Peringkat IKU UNRAM berawal dari posisi 27 tingkat nasional tahun 2022, menjadi peringkat 5 nasional PTN BLU tahun 2023. Peningkatan tersebut berdampak pada penambahan anggaran kinerja (BOPTIN) dari Rp. 17 miliar menjadi Rp. 57 Miliar, dan mendapatkan bonus IKU Rp. 7 miliar 2024.
Selain itu, prestasi yang dicapai juga membawa UNRAM menembus peringkat ke-3 nasional PTN-BLU. Gagasan besar selalu membutuhkan kepemimpinan yang visioner dan kolaboratif.
Dalam konteks ini, Prof. Ali optimis sebagai bagian dari upaya kolektif untuk membangun universitas yang maju dan inklusif. Ia menekankan pentingnya tata kelola yang transparan, budaya akademik yang kuat, serta kolaborasi lintas disiplin dan lembaga.
Dengan mengedepankan nilai-nilai integritas, inovasi, dan kolaborasi, Prof. Ali berharap UNRAM dapat menjadi universitas yang tidak hanya berprestasi di tingkat nasional, tetapi juga memiliki peran penting dalam jejaring pendidikan tinggi dunia dan dengan jejaring yang dimiliki, mahasiswa dapat dikirim untuk student exchange maupun magang di tingkat internasional setiap periode akademik.

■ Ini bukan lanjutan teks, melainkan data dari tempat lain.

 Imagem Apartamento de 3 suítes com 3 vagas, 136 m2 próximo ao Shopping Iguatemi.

Visi yang dibawa Prof. Ali mencerminkan semangat untuk membangun UNRAM dari dalam dengan berpijak pada permasalahan lokal dan potensi daerah. Di tengah perubahan zaman yang begitu cepat, universitas dituntut untuk menjadi pusat ilmu yang adaptif dan berdampak nyata bagi masyarakat.
Dalam semangat itulah, gagasan Prof. Ali menjadi relevan, bukan sekadar visi kepemimpinan, tetapi sebuah ajakan untuk membangun masa depan pendidikan tinggi yang berakar kuat, berpikir luas, dan berdampak nyata untuk daerah tercinta.
Melalui semangat “Collective Collegial” Prof Ali menginginkan semua civitas akademika UNRAM bersatu padu meningkatkan kualitas SDM, melakukan riset berdampak, serta menghasilkan inovasi untuk mendukung ikhtiar Provinsi NTB Makmur Mendunia serta Indonesia Emas 2045.